◆ **Task**: For this exercise, retype the lines from the one that holds "U.S. President Donald" through the one that holds "Numérique - Collection" in the records below, both included, exactly and without pictures.

◆ **Supplied records**:
============================================================

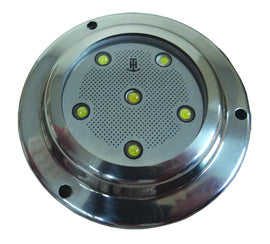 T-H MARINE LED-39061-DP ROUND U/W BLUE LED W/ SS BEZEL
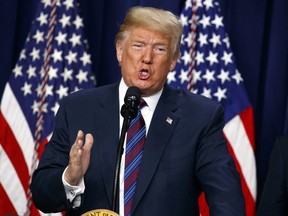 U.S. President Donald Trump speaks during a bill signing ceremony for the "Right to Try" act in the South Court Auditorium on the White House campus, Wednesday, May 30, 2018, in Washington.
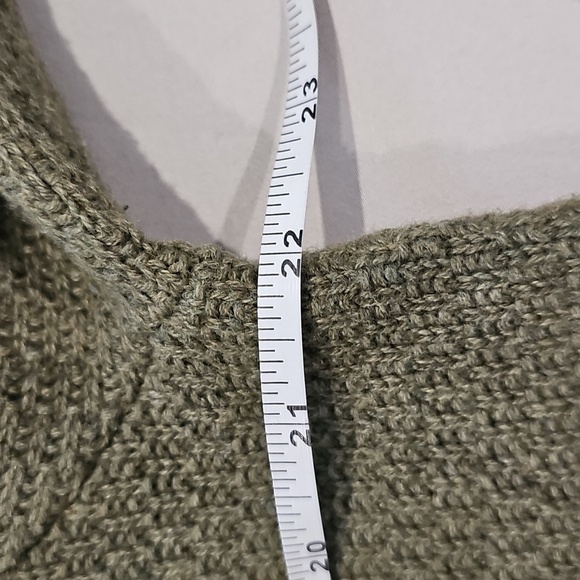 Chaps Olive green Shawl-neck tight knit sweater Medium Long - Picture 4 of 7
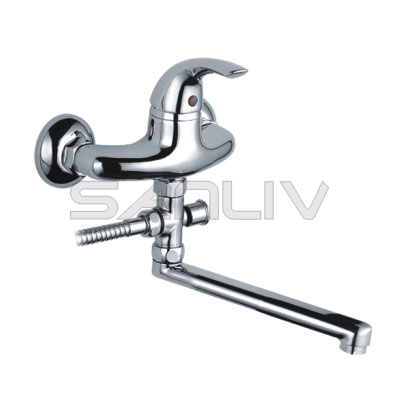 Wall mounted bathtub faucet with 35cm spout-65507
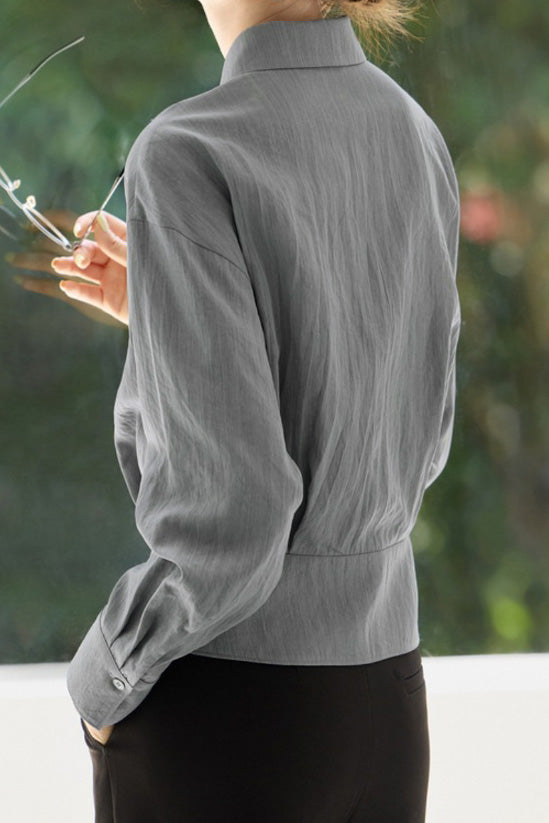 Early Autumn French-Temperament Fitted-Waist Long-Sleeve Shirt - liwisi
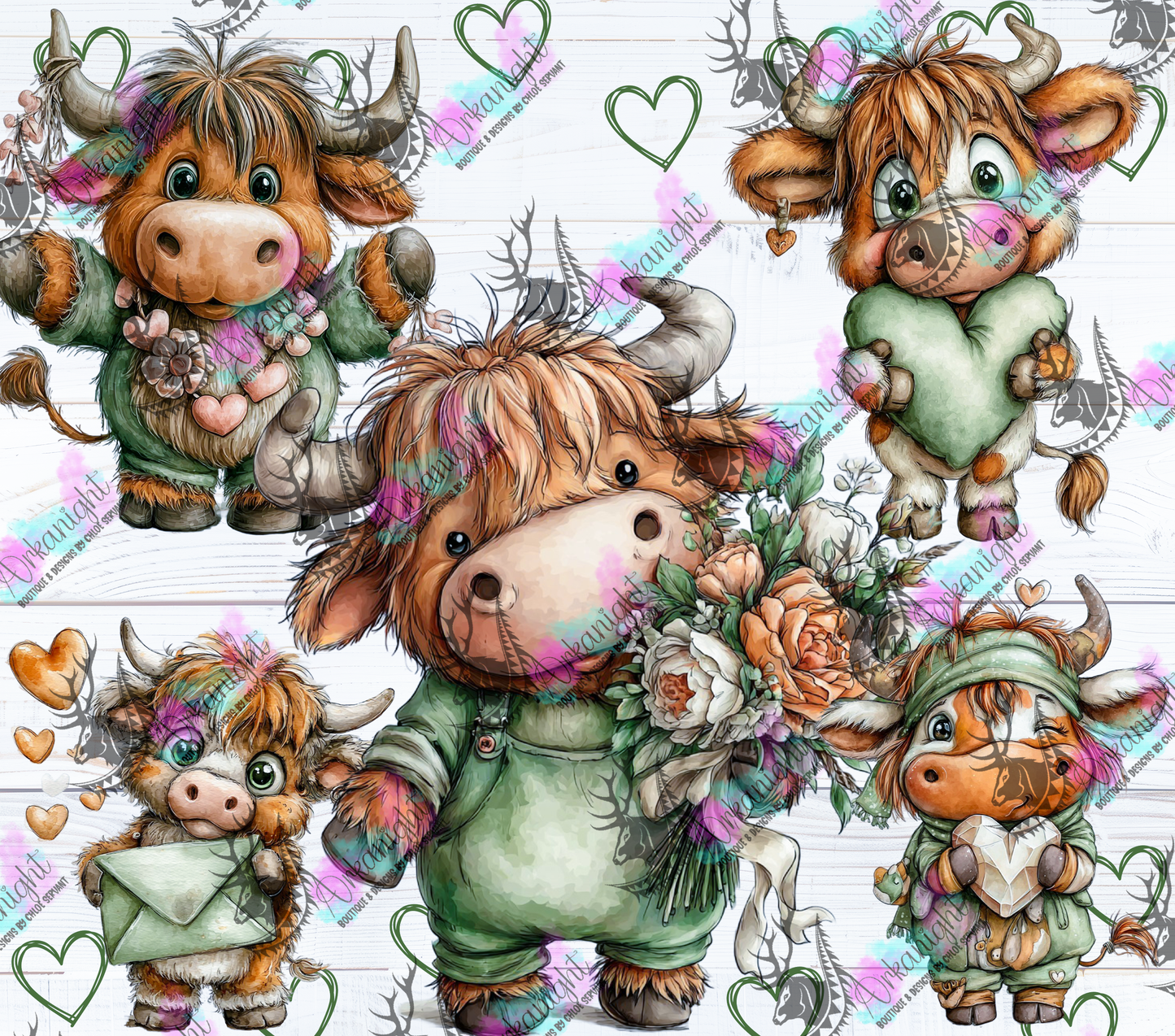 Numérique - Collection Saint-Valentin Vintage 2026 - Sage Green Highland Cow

============================================================

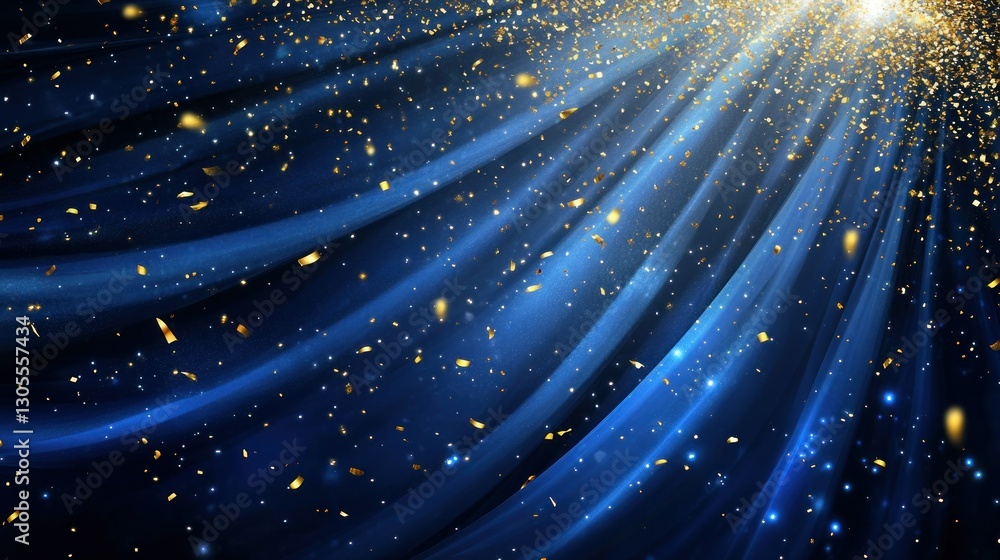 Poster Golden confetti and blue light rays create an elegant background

============================================================

◆ **Answer section**:
 U.S. President Donald Trump speaks during a bill signing ceremony for the "Right to Try" act in the South Court Auditorium on the White House campus, Wednesday, May 30, 2018, in Washington.
 Chaps Olive green Shawl-neck tight knit sweater Medium Long - Picture 4 of 7
 Wall mounted bathtub faucet with 35cm spout-65507
 Early Autumn French-Temperament Fitted-Waist Long-Sleeve Shirt - liwisi
 Numérique - Collection Saint-Valentin Vintage 2026 - Sage Green Highland Cow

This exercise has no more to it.